June 19, 2008

Pregnancy Pact

From Time:
As summer vacation begins, 17 girls at Gloucester High School are expecting babies—more than four times the number of pregnancies the 1,200-student school had last year. Some adults dismissed the statistic as a blip. Others blamed hit movies like Juno and Knocked Up for glamorizing young unwed mothers. But principal Joseph Sullivan knows at least part of the reason there's been such a spike in teen pregnancies in this Massachusetts fishing town. School officials started looking into the matter as early as October after an unusual number of girls began filing into the school clinic to find out if they were pregnant. By May, several students had returned multiple times to get pregnancy tests, and on hearing the results, "some girls seemed more upset when they weren't pregnant than when they were," Sullivan says. All it took was a few simple questions before nearly half the expecting students, none older than 16, confessed to making a pact to get pregnant and raise their babies together. 
The NYT makes the Jamie Lynn connection.

4 comments:

David said...

I immediately thought of this book title that I have seen on my wifes night stand when I heard about this. Perhaps she could shed some light on whether it is a valid connection.

scott cunningham said...

Conversationalist - your link is taking me back here. Is this some kind of metaphor? ;)

David said...

yes

no, just tired....

Anonymous said...

It's interesting to me how much this story corresponds with the post before it about poverty and powerlessness. Girls becoming mothers in order to establish some sort of identity, to obtain some perceived power in an otherwise powerless existence, or to find much-needed love and acceptance is not a new story, especially in poor communities.
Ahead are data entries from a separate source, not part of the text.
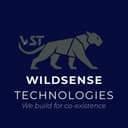WildSense Technologies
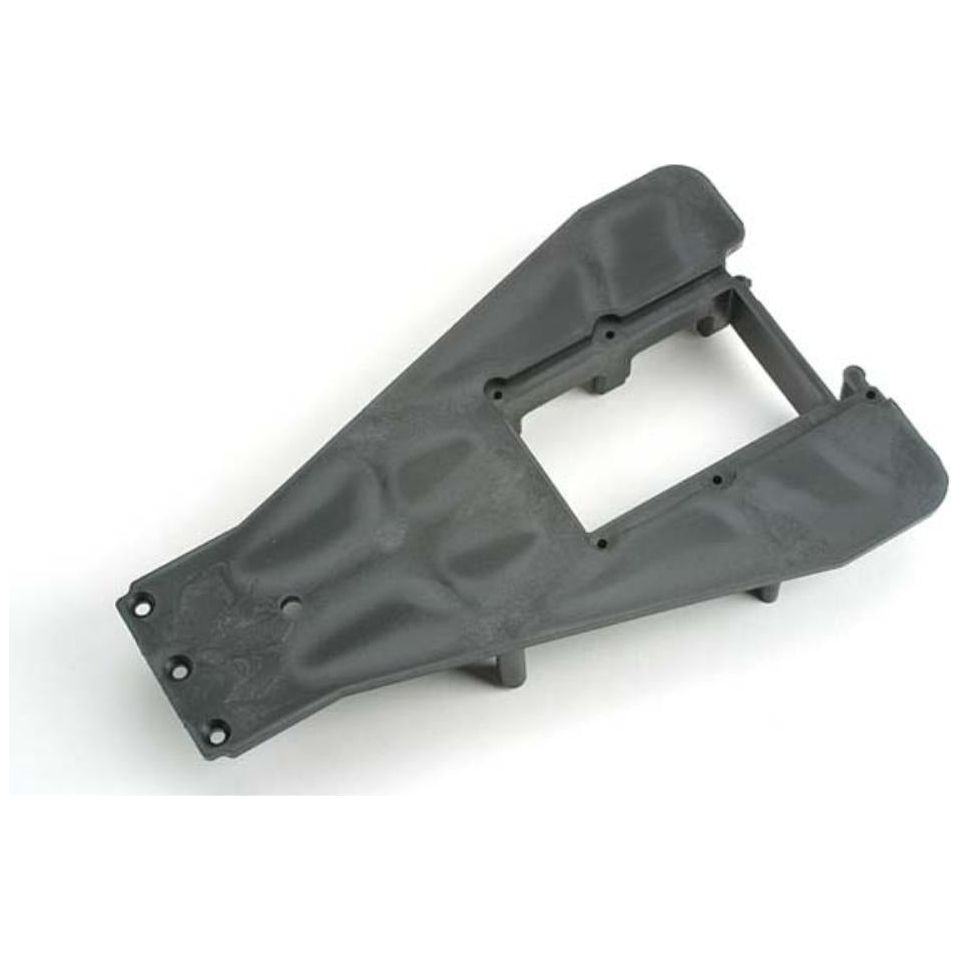 TRAXXAS Chassis Lower Main (4531)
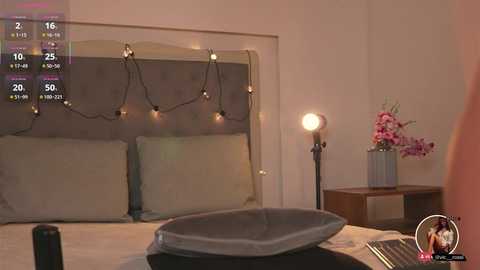 victoria__rossi free recording from 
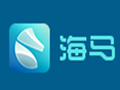 海馬蘋(píng)果助手|蘋(píng)果海馬手機(jī)助手 V5.0.1官方版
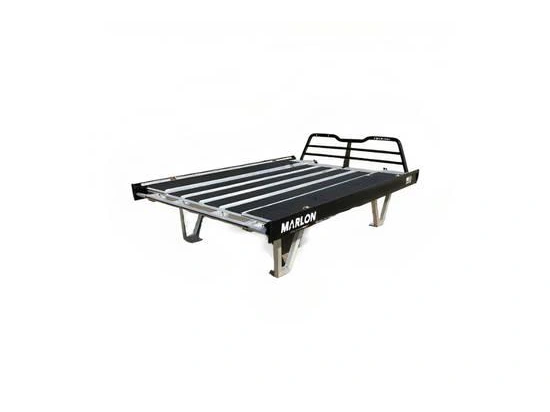 2016 Marlon Dk-08-bl10a alt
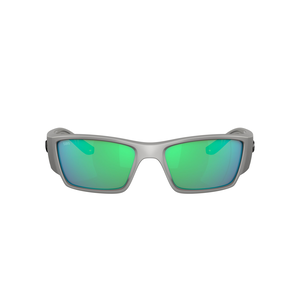 Costa Corbina Pro Polarized Sunglasses
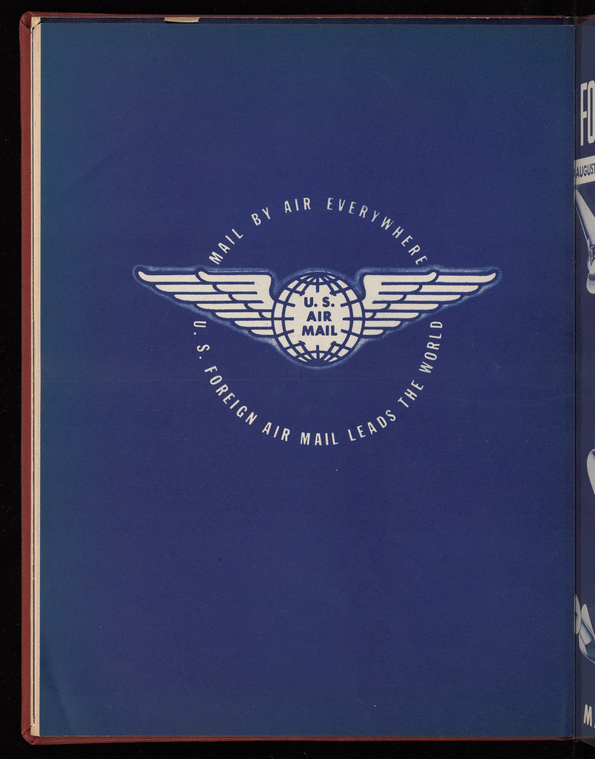 Index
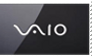 Vaio Stamp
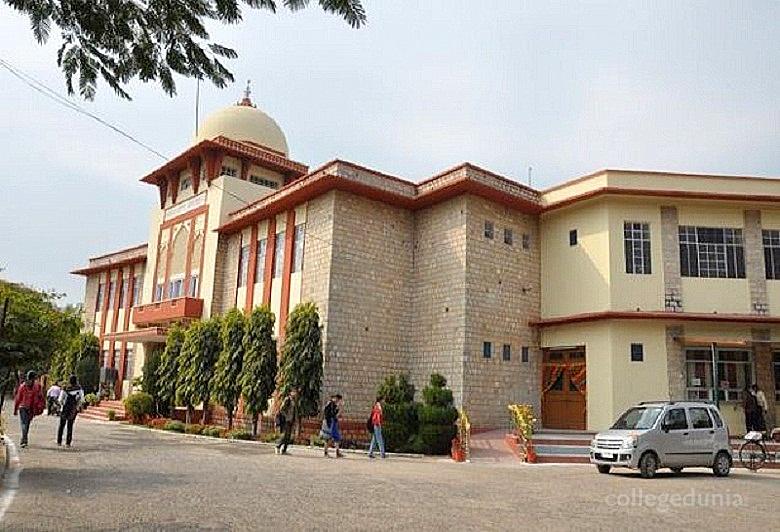 Kanoria PG Mahila Mahavidyalaya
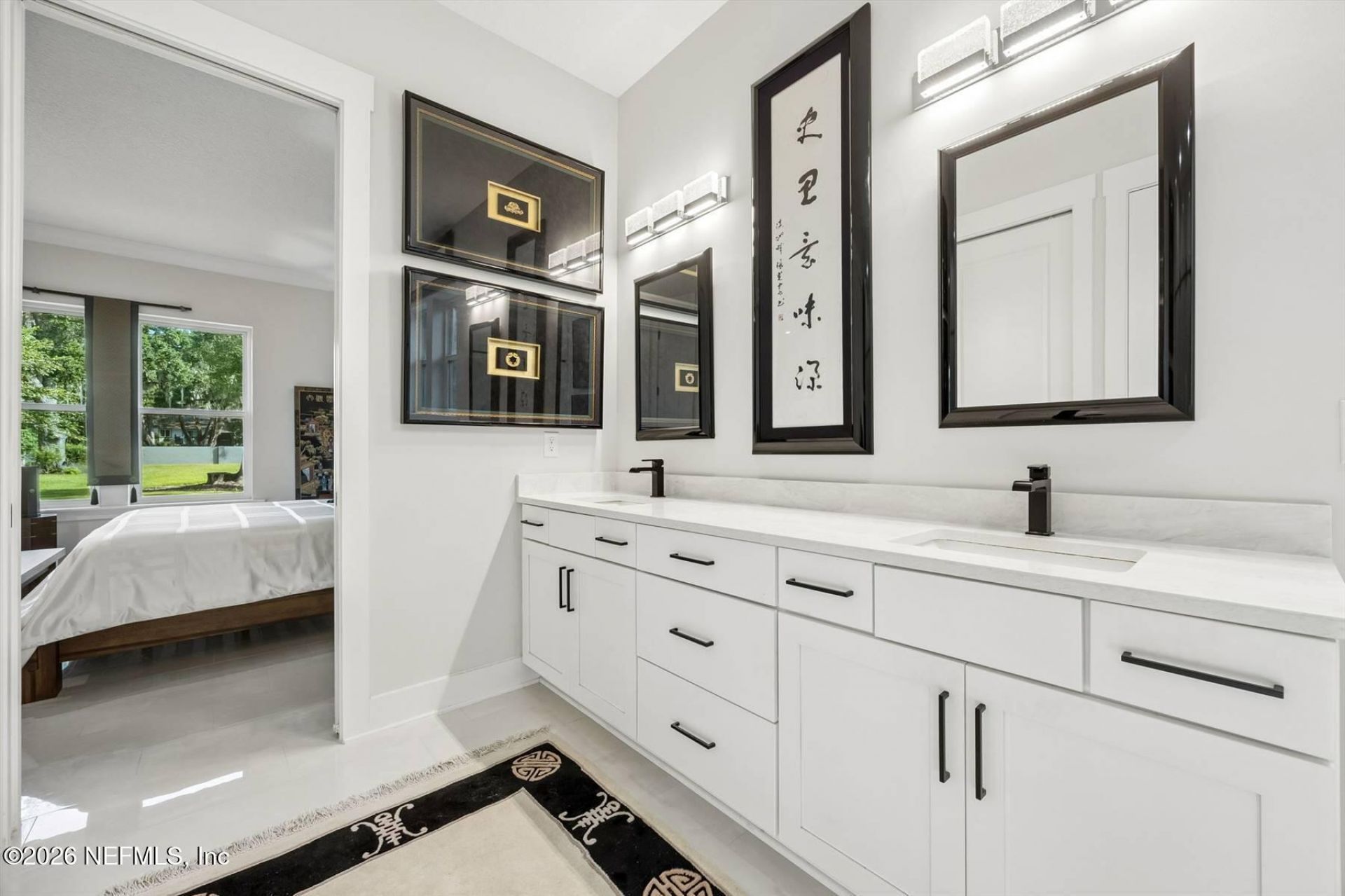 2918 Riverbend Walk, Fernandina Beach, FL 32034 Photo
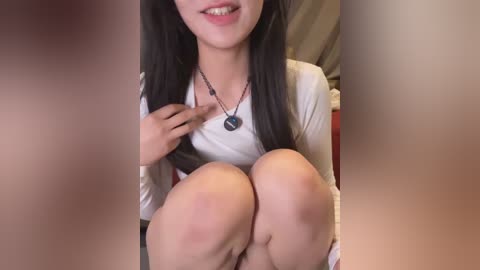 jiajia_l free recording from 2026-03-07 00:09:00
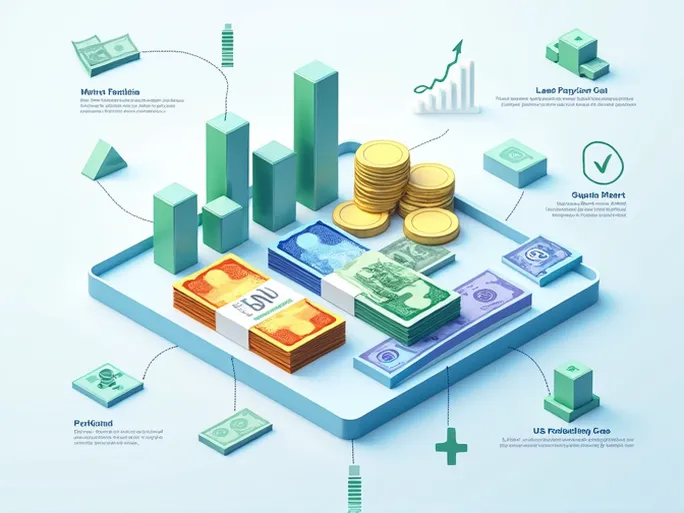 Comorian Francs to US Dollars Current Exchange Rate for 500 KMF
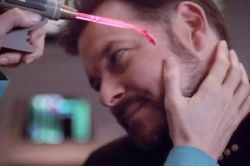 Косметический шов: возможные осложнения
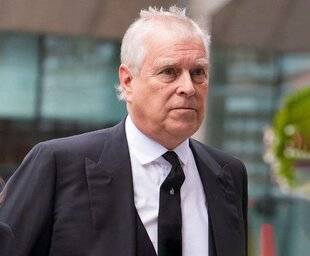 Closer 1086 Il aurait emménagé dans un mobile home d'occasion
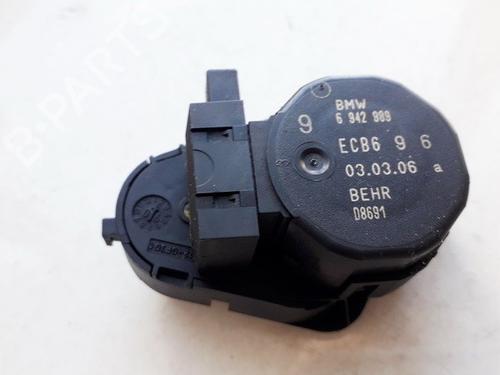 electronic-module-bmw-5-e60-2001-2002-2003-2004-2005-2006-2007-2008-2009-2010-33526245 main image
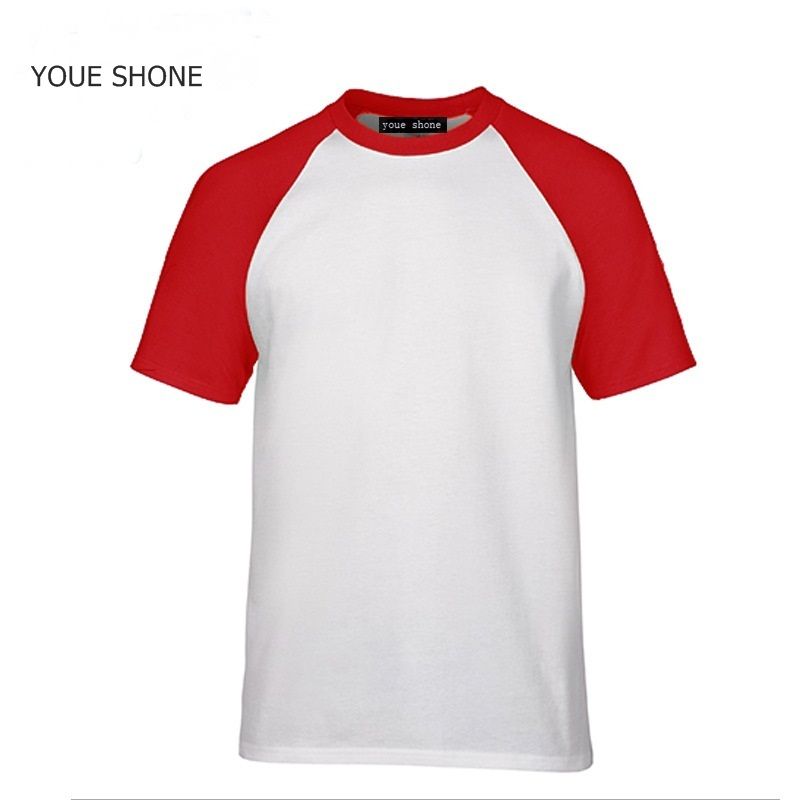 Marvel Family Stan Lee Tshirt Superhero Design Mens Streetwear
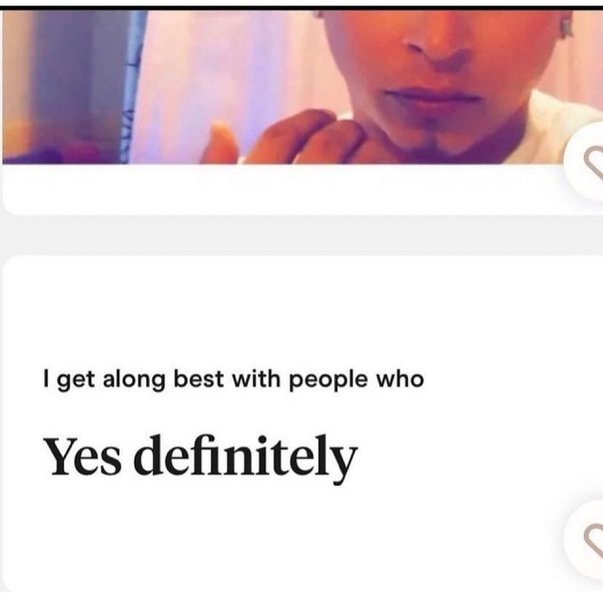 Thumbnail of cv-vlkpzdl-d7673fb2c5164cc4 1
I have to wonder if this is newsworthy because these girls don't match the typical "teen mother" profile, or is it simply because they articulated it as a plan?

What's really strange about the coverage in both Time and the NYT is the focus on sex education and access to contraception, which seems beside the point if they are choosing to become pregnant.

The bigger question is why they would make such a choice. It seems more complicated to me than any of the news coverage I've seen so far acknowledges.